When this trend first emerged, it was 1947 and three million U.S. soldiers had just returned victorious to usher in a new post-war America. Coming off the back of World War II, the United states was a proven world power and leader of modern inventions and its citizens, particularly young families, were ready to break from tradition and embrace futuristic ideas. America was modernizing rapidly, and a robust middle class was eager to reflect this in their new suburban homes -- Pioneers and visionaries turning out sleek, mid-century modern designs using revolutionary technology quickly captured the attention of the entire nation.
On the cutting edge of new design technology, Eames Office was one of the biggest influencers in play.
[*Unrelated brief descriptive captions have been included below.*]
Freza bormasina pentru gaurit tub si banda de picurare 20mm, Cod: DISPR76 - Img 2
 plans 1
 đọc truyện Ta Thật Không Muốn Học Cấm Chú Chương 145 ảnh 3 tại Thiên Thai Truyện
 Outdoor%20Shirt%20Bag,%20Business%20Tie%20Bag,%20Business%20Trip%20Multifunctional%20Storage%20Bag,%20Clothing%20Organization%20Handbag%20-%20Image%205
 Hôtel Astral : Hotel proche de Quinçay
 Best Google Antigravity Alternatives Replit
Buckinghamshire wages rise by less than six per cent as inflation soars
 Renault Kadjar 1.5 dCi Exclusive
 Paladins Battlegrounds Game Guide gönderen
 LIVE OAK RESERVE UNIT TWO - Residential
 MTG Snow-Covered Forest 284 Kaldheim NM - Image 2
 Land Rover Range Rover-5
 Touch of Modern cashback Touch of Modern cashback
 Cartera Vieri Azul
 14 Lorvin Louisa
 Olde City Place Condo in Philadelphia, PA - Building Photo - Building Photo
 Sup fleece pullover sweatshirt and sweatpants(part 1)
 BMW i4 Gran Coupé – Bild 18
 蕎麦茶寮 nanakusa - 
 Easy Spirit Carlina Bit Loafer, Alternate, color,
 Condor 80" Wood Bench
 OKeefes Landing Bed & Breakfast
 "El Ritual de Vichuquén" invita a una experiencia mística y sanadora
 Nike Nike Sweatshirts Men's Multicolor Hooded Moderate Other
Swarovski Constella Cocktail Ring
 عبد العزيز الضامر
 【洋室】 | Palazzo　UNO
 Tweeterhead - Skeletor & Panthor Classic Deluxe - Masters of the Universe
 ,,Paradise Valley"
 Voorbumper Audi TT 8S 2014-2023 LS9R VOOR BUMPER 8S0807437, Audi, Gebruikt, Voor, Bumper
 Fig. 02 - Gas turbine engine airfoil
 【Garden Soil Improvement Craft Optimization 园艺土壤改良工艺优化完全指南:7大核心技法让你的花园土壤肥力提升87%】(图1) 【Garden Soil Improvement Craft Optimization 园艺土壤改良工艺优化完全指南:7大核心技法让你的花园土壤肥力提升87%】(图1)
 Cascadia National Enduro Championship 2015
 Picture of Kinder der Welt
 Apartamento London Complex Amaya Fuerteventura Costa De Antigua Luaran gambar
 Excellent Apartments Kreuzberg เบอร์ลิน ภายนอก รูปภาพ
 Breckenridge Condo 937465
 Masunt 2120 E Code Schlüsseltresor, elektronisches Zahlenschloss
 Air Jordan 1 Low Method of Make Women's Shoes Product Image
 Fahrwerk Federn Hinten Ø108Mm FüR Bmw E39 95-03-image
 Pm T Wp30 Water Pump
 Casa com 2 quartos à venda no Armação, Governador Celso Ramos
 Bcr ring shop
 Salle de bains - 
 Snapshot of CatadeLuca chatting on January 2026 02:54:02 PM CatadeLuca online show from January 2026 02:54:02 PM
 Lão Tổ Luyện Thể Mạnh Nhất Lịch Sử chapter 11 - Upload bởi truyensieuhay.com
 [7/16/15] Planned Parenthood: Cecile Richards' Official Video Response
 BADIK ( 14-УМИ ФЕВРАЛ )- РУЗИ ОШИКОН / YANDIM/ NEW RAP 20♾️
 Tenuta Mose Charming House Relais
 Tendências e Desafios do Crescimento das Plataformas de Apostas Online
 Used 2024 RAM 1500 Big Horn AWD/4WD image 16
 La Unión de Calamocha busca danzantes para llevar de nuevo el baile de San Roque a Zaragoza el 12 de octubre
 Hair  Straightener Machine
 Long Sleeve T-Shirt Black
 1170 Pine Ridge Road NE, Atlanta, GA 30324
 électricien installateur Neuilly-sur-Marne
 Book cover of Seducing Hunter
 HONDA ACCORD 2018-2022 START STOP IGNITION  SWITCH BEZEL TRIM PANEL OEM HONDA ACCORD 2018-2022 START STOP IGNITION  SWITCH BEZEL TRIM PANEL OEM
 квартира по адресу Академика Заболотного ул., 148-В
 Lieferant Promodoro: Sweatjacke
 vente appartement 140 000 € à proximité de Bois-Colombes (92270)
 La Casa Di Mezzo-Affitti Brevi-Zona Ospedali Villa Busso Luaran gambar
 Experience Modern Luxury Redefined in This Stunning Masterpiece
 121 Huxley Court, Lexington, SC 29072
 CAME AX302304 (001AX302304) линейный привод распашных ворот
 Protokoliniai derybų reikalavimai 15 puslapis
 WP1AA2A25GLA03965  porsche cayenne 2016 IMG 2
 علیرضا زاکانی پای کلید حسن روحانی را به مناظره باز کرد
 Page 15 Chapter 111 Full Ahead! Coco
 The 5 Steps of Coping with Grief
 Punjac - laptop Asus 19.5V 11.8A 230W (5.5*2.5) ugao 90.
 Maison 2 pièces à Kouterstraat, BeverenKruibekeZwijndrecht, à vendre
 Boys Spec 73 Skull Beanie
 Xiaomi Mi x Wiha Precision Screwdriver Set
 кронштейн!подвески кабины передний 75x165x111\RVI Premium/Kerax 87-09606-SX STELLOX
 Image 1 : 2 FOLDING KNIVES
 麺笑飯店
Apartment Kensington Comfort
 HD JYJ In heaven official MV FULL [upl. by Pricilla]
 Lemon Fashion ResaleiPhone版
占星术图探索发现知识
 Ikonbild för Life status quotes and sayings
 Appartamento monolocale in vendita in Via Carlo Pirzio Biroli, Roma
Founded by infamous designers Charles and Ray Eames, Eames Office was the first to mold plywood into gradual curves - now a hallmark of mid-century modern design - and before the mid-20th century, completely impossible. Advances through artists like these made mid-century modern design so appealing to those living in an ever-evolving post-war America.
So what defines mid-century modern and how can you achieve the mid-mod aesthetic in your own home?
Great mid-century modern living spaces feature excellent craftsmanship at every turn with plenty of tapered legs, an emphasis on living greenery, and occasional floating furniture. Inspiration for this style includes the mixing and matching of organic and man-made components so designs will most always heavily feature natural-finish wood, unique furniture silhouettes, and interesting houseplant ensembles. Mid-century modern is characteristically simple and when done right, should speak for itself. A combination of bold colors, modern prints, fun textiles, and potted houseplants propped up on clean lines and natural curves create an exciting and unmistakably mid-century modern feel.
If you’re anything like us you probably can’t wait to transform your home, office, or bedroom into the mid-century modern masterpiece. For those eager to recreate the look, stay tuned for part II on Styling Mid-Century Modern 65 Years Later.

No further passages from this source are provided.